Предполагалось, что благодаря Гран-Туру английская элита станет более терпимой к заморским идеям: ведь всегда легче писать пасквили и насмехаться на расстоянии. И действительно, к концу XVIII века появились жалобы, что офранцуживание становится в Англии условием для продвижения по службе. Такие драматурги, как Корнель и Расин, вызывали большее восхищение, чем Шекспир, а английские поэты Поуп и Э. Р. Эддисон стали подражать стилям французского стихосложения. Однако остальные англичане думали абсолютно иначе. Короче говоря, очень многие из них всегда терпеть не могли французов. И это чувство было взаимным. В Англии нет, наверное, ни одного самого крошечного городишки, который не обзавелся бы французским «побратимом» для достижения лучшего понимания между двумя культурами. Но это пустое занятие: несмотря на все эти взаимные визиты членов городских советов, vins d'honneur — угощений в чью-либо честь — и поездок школьников, глубокие разногласия и взаимные подозрения представителей обеих культур остаются. Это тонко уловил в 1973 году французский министр культуры писатель Морис Дрюон, который сказал, что «у элит наших стран наблюдается тенденция восхищаться друг другом, а у народов — относиться друг к другу с презрением».

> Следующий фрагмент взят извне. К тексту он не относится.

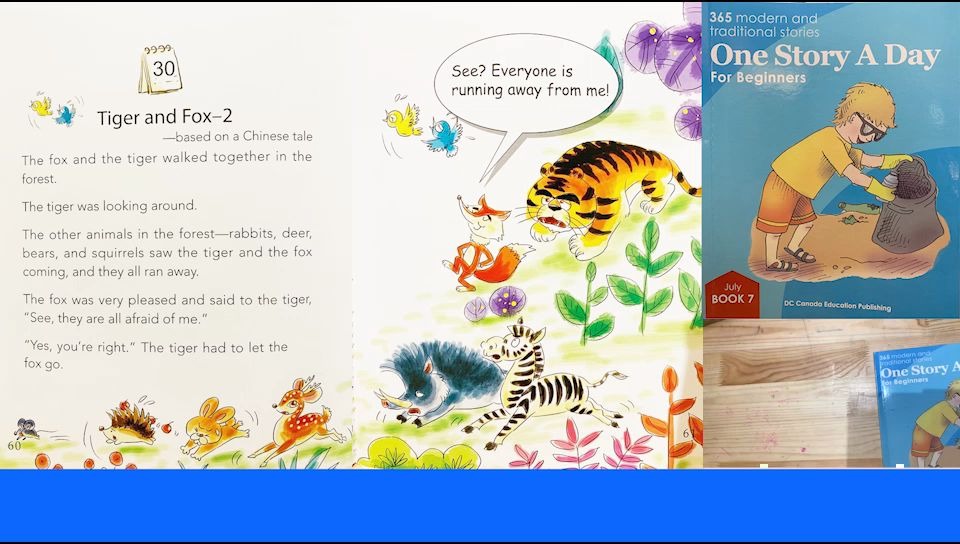 [图]《Tiger and Fox-2》One Story a Day - Read with Lucas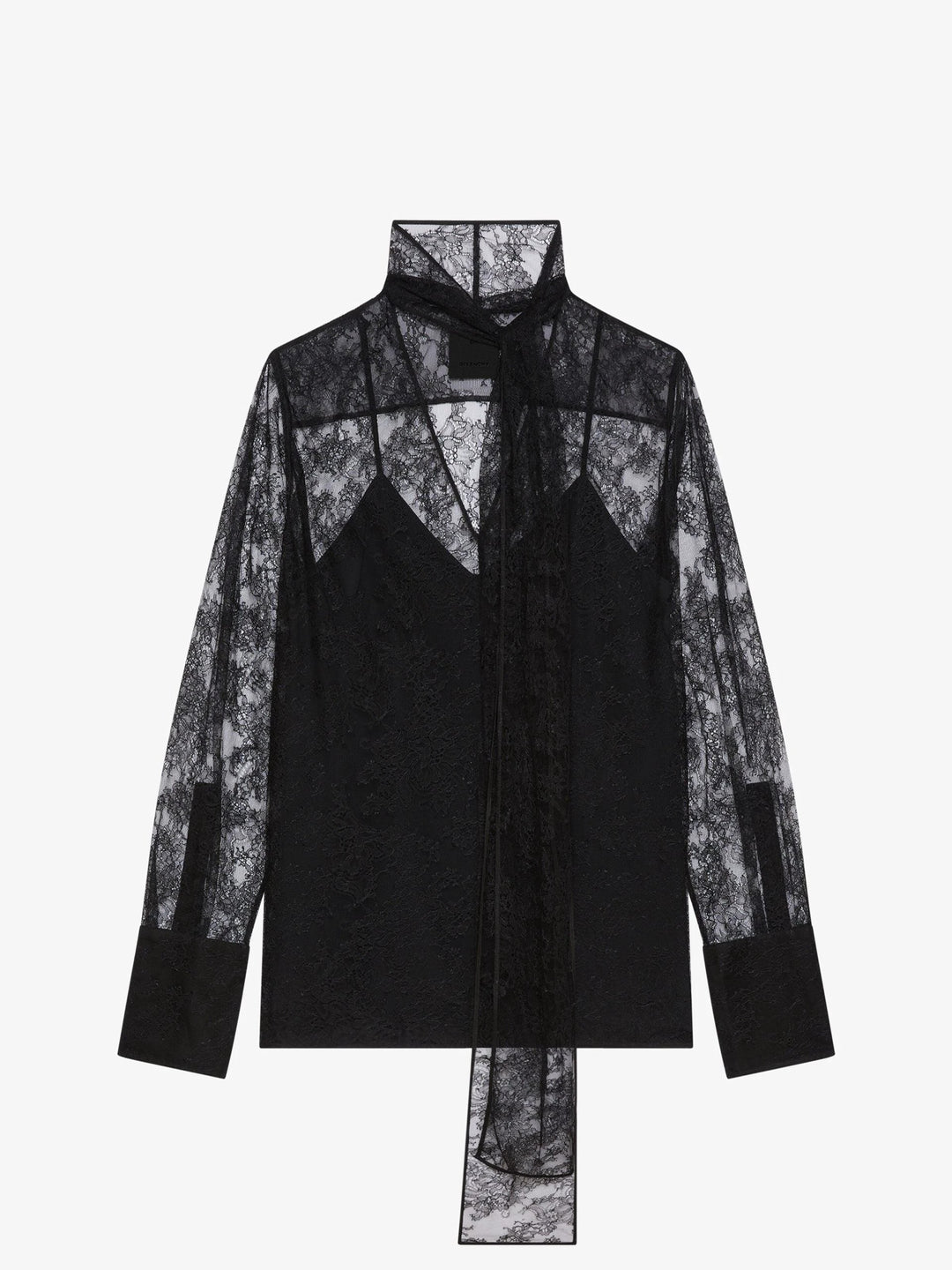 Givenchy Sample Sale Givenchy Black Fibres Blouse - | Designer outlet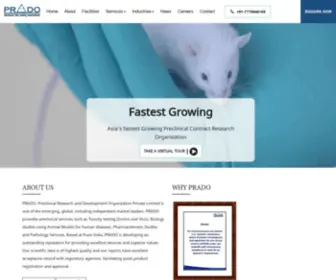 Pradopreclinical.com(PRADO) Screenshot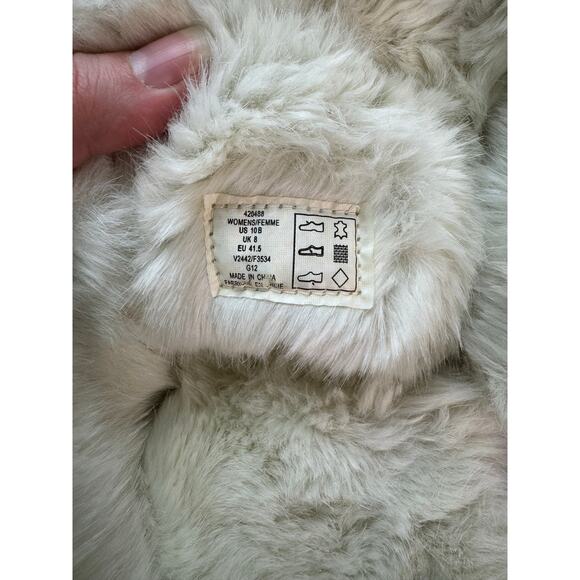 Lands End Tall Brown Boots with Faux Fur, Size 10 - Picture 9 of 10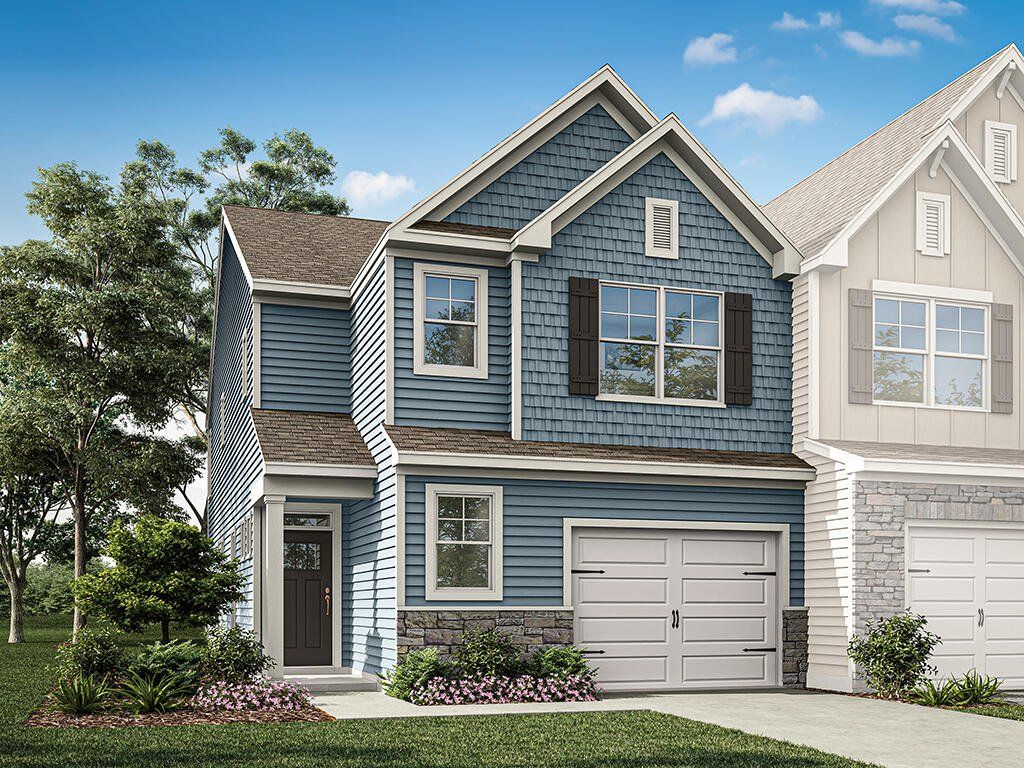 Blythe Mill Townhomes por Eastwood Homes en Charlotte North Carolina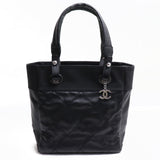 CHANEL Paris Biarritz Tote PM Bag Black A34208 Women's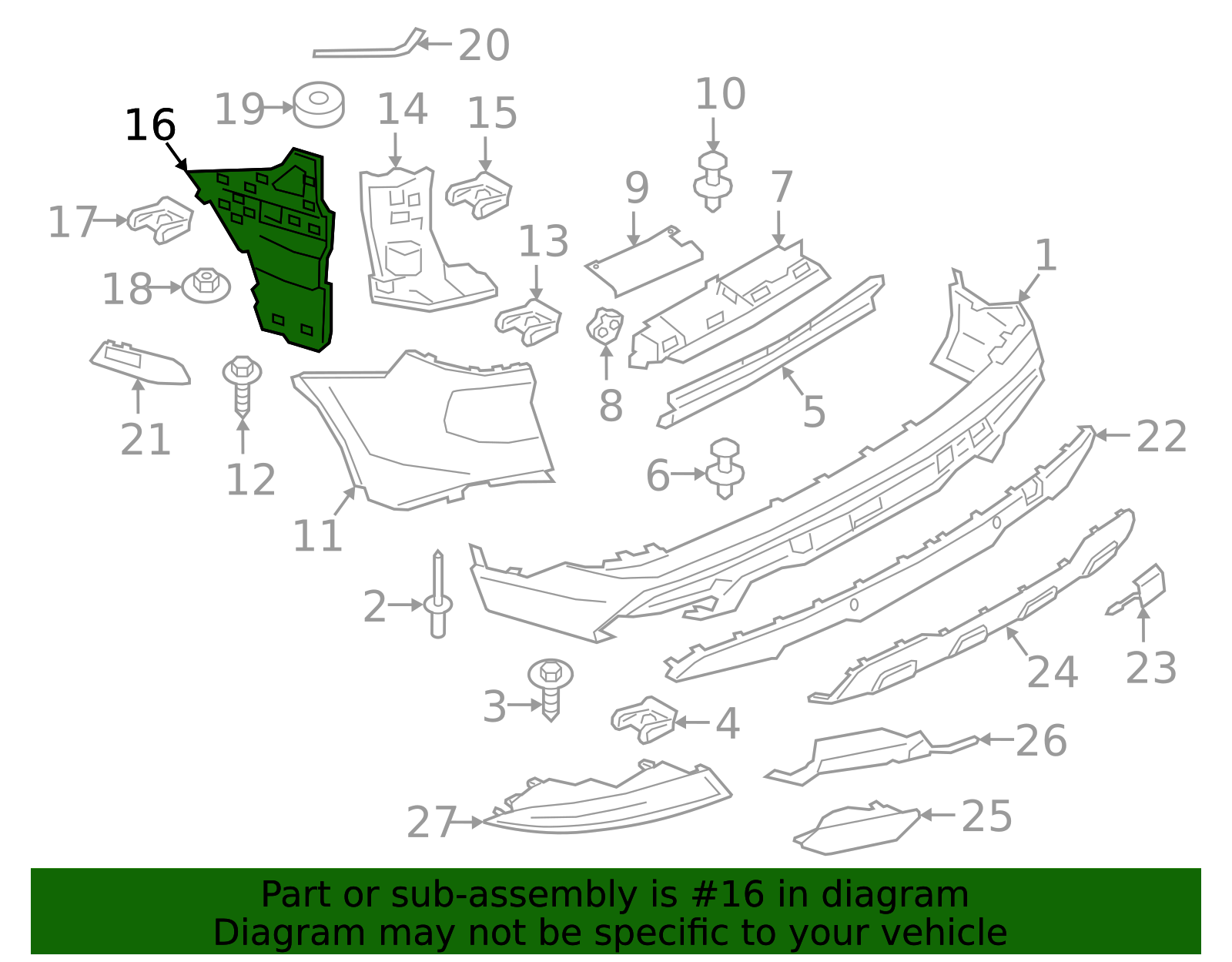 Genuine OEM Bumper Cover Bracket for BMW 51127420654 for sale  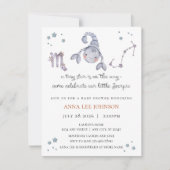 Scorpio Zodiac Baby Shower Invitation Feestdagenkaart (Voorkant)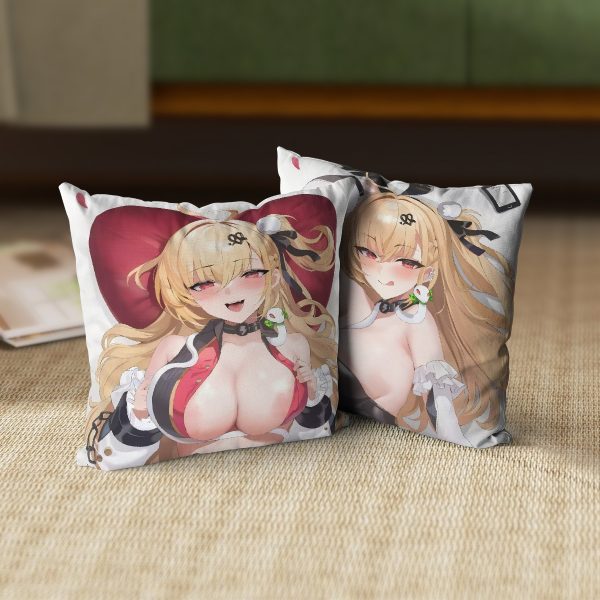 Cissia Zenless Zone Zero Anime Dakimakura Square Pillow 45x45cm/18x18 Inch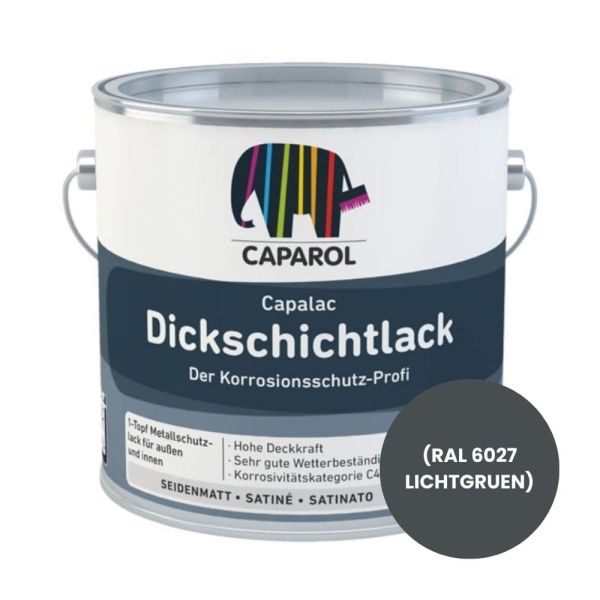 Restposten – Caparol Capalac Dickschichtlack – 0,75 Liter – RAL 6027 LICHTGRUEN (RAL)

Целые столетия враждебности трудно преодолеть посредством нескольких тостов и спичей, произнесенных почтенными людьми среднего возраста. Всем нам необходимы враги, а французы — вот они, совсем под рукой, да еще с такой очевидностью плюющие на интересы кого бы то ни было еще. Две нации теперь не уступают друг другу ни в экономике, ни в военной силе и представляют друг для друга удобный фон для противопоставления: обе стороны могут относиться к другой свысока, но им друг без друга не обойтись. И все же французы по-прежнему предоставляют англичанам поводы презирать их. Никто не сомневается, что, если бы Гитлеру удалось вторгнуться в Британию, откуда-нибудь непременно взялось бы правительство типа вишистского. Но в том-то и дело, что этого не произошло, поэтому моральный капитал, накопленный за последнюю мировую войну, у англичан остался. А предпринятые позже неблагодарными французами попытки исключить Британию из Европейского экономического сообщества лишь подтверждают, что враждебность между нациями не случайна.